START Entries provided

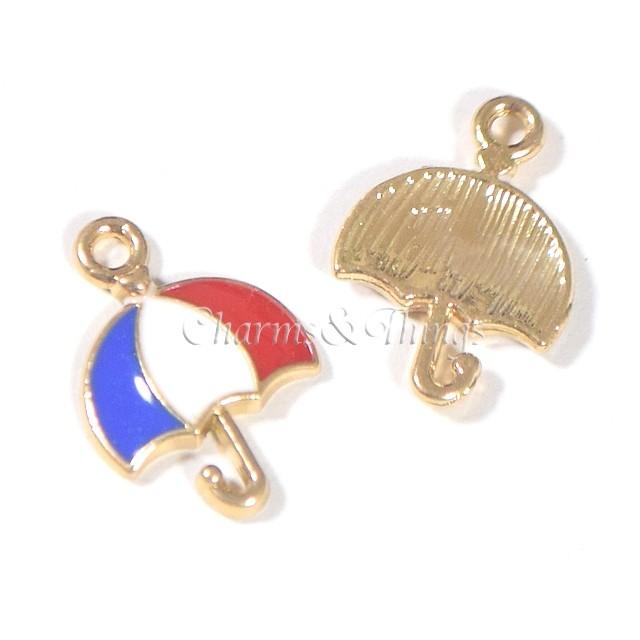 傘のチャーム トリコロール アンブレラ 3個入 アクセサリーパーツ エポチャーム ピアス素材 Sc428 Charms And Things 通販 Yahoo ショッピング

END Entries provided
START Entries provided

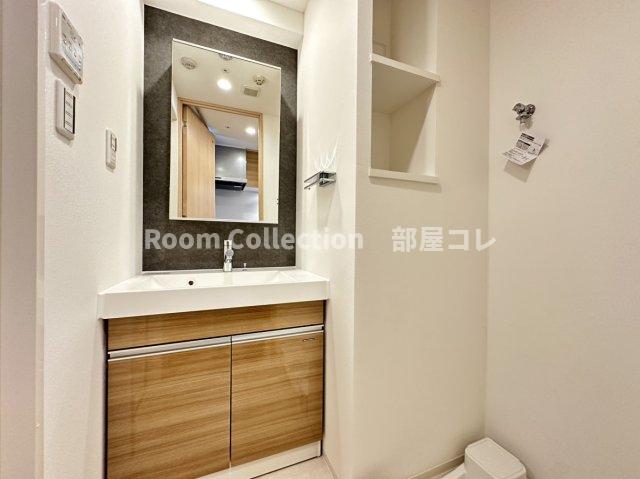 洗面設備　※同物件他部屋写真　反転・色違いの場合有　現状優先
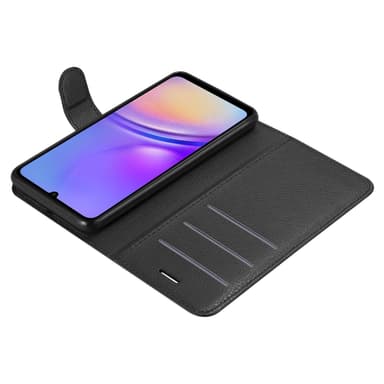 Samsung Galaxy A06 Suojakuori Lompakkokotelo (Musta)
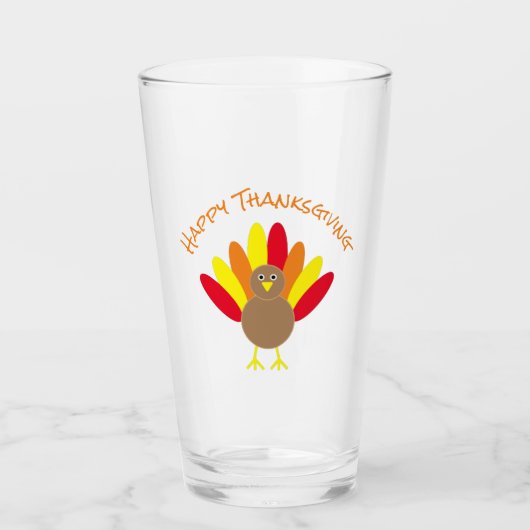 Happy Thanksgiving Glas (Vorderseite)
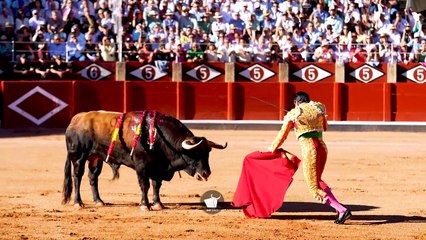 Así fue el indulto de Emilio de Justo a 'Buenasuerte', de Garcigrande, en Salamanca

END Entries provided

▸ **Assignment**: Find the line with "洗面設備　※同物件他部屋写真　反転・色違いの場合有　現状優先" in the data above, and from there retype each line exactly through the line with "Así fue el indulto", skipping the pictures along the way.

▸ **Exercise response**:
 洗面設備　※同物件他部屋写真　反転・色違いの場合有　現状優先
 Samsung Galaxy A06 Suojakuori Lompakkokotelo (Musta)
 Happy Thanksgiving Glas (Vorderseite)
 Así fue el indulto de Emilio de Justo a 'Buenasuerte', de Garcigrande, en Salamanca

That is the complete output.